*** Extracted entries Section Begins ***

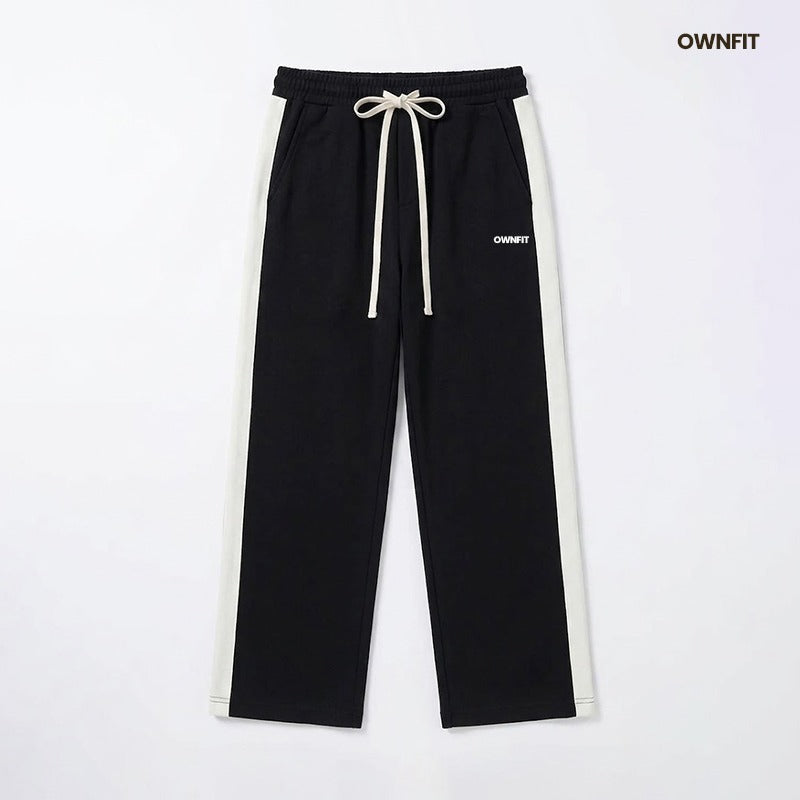 Black white pannel straight fit trouser for mens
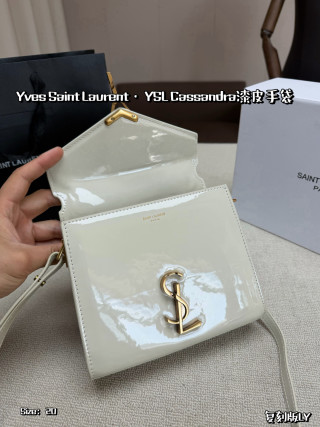 YSL Cassandra Small Patent Leather Handbag - Cream/Gold view 7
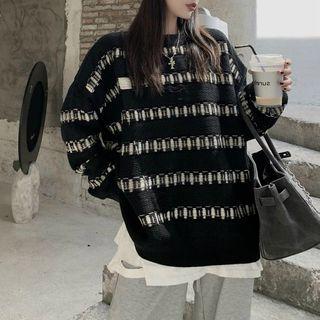 Oversized Striped Knit Top Black - One Size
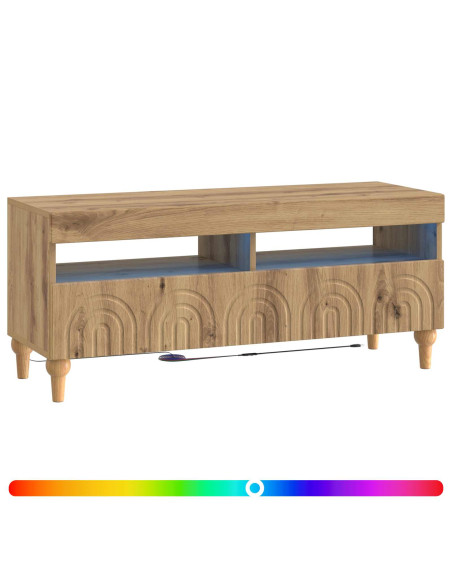 Mobile TV LED Rovere Artigianale Legno ingegnerizzato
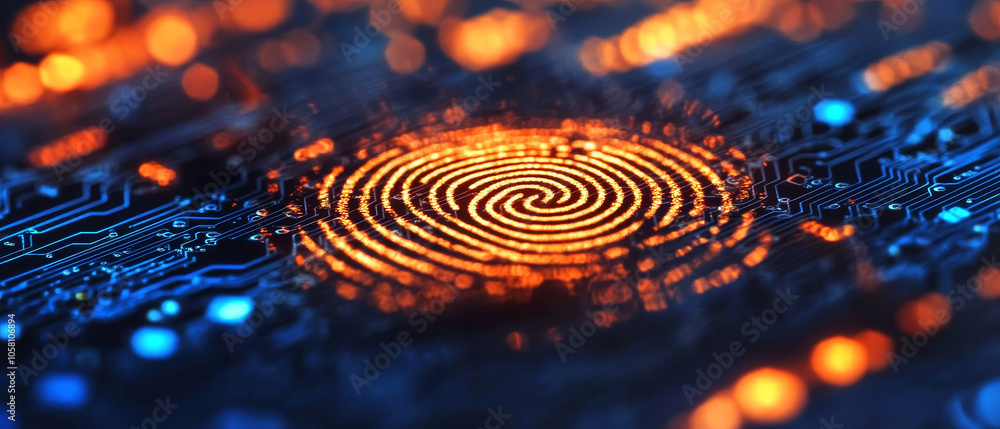 Poster digital fingerprint glowing on microchip, showcasing technology and innovation. intricate design hig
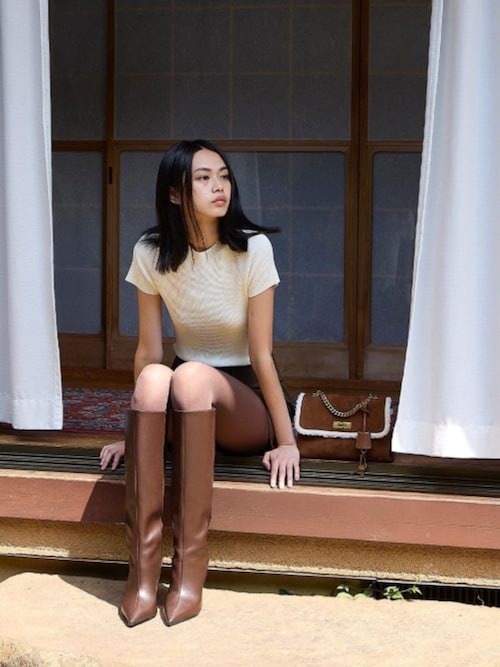 【美品】Charles & Keith チャンキーヒール ロングブーツ CHARLES ＆ KEITH（チャールズ&キース） ロング ブーツ ポインテッド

*** Extracted entries Section Ends ***

_Task requirements_:
Word for word, print the material above, but without its pictures.

_The completed task_:
 Black white pannel straight fit trouser for mens
 YSL Cassandra Small Patent Leather Handbag - Cream/Gold view 7
 Oversized Striped Knit Top Black - One Size
 Mobile TV LED Rovere Artigianale Legno ingegnerizzato
 Poster digital fingerprint glowing on microchip, showcasing technology and innovation. intricate design hig
 【美品】Charles & Keith チャンキーヒール ロングブーツ CHARLES ＆ KEITH（チャールズ&キース） ロング ブーツ ポインテッド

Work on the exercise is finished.